Remotely sensed data can be riddled with no data (or null) values. Take this grid of sea surface chlorophyll A (CHLa) concentration for example, which represents 8 days worth of repeat observations and still has lots of big data gaps (shown in black). With products such as these that use optical data as their input, cloud cover is always going to be a problem.
Aqua MODIS CHLa concentration, 8 day composite, 01/01/2013 - 08/01/2013 ([oceancolor.gsfc.nasa.gov])
If you wanted to do any raster processing with this data, identifying no data gaps as invalid is essential. And if you’re creating your own processing scripts, it can become problematic.

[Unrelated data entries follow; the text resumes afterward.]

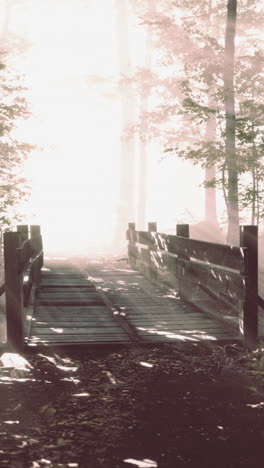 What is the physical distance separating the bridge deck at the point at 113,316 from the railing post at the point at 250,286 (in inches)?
12.6

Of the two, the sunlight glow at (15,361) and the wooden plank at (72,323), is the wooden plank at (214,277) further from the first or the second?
the sunlight glow at (15,361)

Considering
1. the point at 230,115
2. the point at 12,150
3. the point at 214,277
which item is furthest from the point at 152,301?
the point at 12,150

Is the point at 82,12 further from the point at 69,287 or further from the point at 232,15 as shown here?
the point at 69,287

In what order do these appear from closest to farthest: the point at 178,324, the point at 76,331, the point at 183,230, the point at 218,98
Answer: the point at 76,331 → the point at 178,324 → the point at 183,230 → the point at 218,98

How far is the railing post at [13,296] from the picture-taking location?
7.60 metres

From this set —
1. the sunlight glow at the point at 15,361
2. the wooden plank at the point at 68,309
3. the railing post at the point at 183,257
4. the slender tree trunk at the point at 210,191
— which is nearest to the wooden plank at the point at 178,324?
the wooden plank at the point at 68,309

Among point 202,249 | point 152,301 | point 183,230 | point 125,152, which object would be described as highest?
point 125,152

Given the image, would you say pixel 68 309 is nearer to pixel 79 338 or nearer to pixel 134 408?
pixel 79 338

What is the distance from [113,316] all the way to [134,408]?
4282 millimetres

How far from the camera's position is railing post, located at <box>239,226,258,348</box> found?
761cm

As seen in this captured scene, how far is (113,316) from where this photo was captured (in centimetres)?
980

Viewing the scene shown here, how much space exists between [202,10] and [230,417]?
19930 mm

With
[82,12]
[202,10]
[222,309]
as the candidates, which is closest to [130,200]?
[82,12]

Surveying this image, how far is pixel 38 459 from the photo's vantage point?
4.38 m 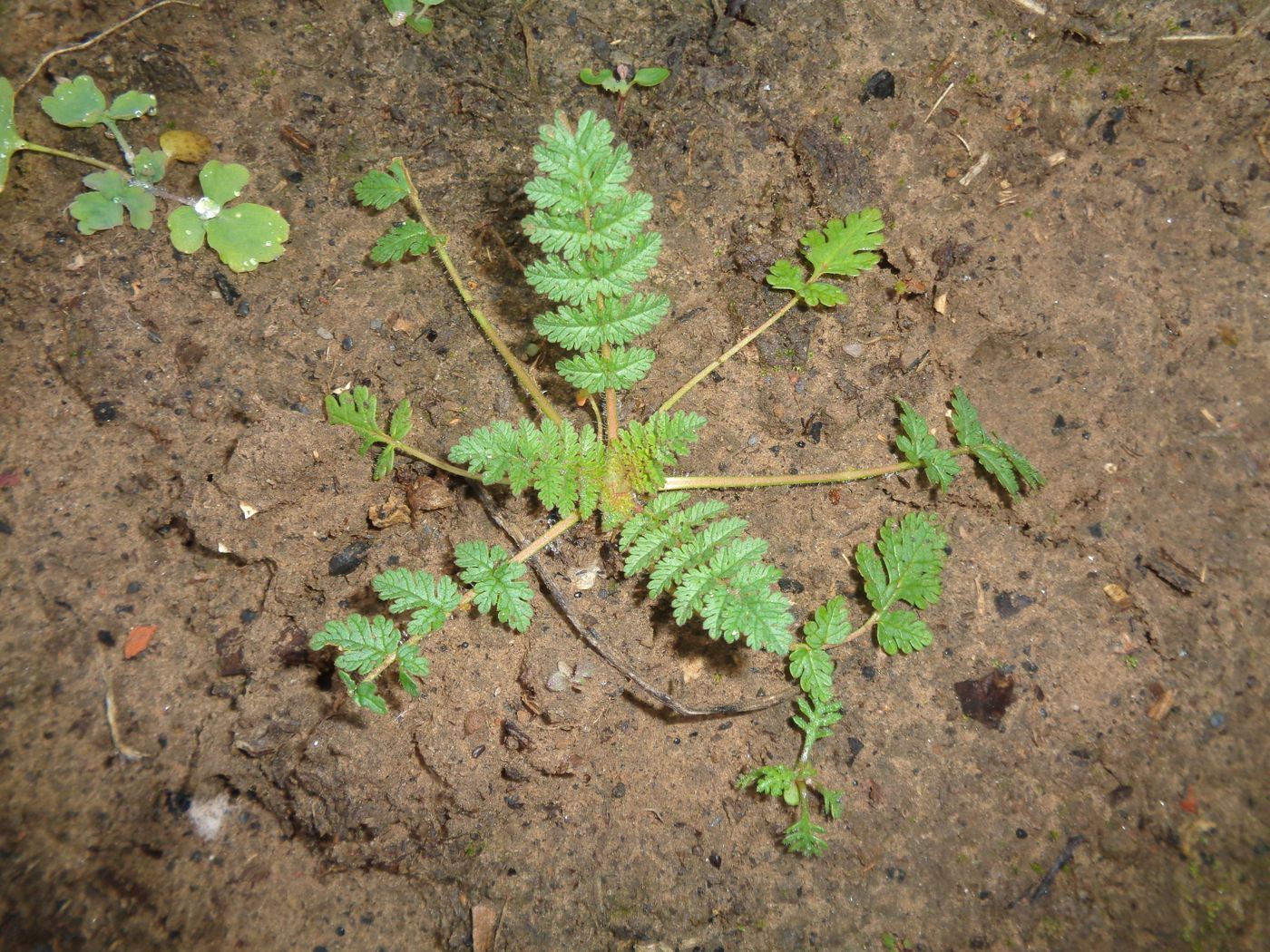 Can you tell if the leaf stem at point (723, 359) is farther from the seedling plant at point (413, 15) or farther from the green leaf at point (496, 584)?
the seedling plant at point (413, 15)

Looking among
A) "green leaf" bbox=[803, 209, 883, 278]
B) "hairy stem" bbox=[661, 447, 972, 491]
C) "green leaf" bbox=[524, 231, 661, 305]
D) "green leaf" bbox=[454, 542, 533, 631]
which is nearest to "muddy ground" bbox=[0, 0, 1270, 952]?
"hairy stem" bbox=[661, 447, 972, 491]

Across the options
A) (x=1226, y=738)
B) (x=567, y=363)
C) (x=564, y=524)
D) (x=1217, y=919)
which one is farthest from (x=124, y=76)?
(x=1217, y=919)

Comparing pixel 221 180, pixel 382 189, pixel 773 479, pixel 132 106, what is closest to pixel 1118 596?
pixel 773 479

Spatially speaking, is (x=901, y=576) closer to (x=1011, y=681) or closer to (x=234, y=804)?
(x=1011, y=681)

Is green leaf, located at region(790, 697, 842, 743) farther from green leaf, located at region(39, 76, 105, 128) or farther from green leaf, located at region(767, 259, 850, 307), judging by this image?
green leaf, located at region(39, 76, 105, 128)

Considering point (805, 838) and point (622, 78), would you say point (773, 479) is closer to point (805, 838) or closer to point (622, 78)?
point (805, 838)

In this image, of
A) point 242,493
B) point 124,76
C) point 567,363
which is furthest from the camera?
point 124,76

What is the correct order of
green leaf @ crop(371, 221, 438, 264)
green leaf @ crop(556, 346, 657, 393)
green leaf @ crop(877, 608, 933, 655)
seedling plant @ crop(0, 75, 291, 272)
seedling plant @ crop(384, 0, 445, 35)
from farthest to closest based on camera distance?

You could simply build in conditions to ignore this number. However, I find a much nicer way to deal with no data if using Python, is with NumPys masked array operations. They lend themselves really well to remote sensing analysis. With a basic example, here’s how this can work.
(Please assume all my one dimensional arrays here are actually two dimensional and represent raster values! Of course you first need to convert your raster into a NumPy array.)
>>> import numpy as np >>> >>> x = np.array([1, 2, 3, 99, 5, 6, 99]) >>> y = numpy.ma.masked_values(x, 99) >>> y.mask array([False, False, False, True, False, False, True], dtype=bool) >>> y.data array([ 1, 2, 3, 99, 5, 6, 99]) >>> y masked_array(data = [1 2 3 -- 5 6 --], mask = [False False False True False False True], fill_value = 99)
If you want to visually display where your no data cells are in a GIS, you can easily change the mask into an integer array and then save it out in a visual format.
>>> intarray = y.mask.astype(int) >>> intarray array([0, 0, 0, 1, 0, 0, 1])
Equally powerful, if you already have a mask raster, you can build the mask and the data part of the masked array yourself.
>>> t = ma.array([1,2,3,4,4], mask=[0,0,0,0,1]) >>> t masked_array(data = [1 2 3 4 --], mask = [False False False False True], fill_value = 999999)
Once you have assigned your masked array, there are a number of other methods which can be applied, for example:
>>> y.mean() 3.4 >>> y.max() 6 >>> y.sum() 17
These are basic operations only. The documentation for masked array operations shows the range of possibilities. I’ve used masked arrays very frequently when developing bespoke raster processing scripts.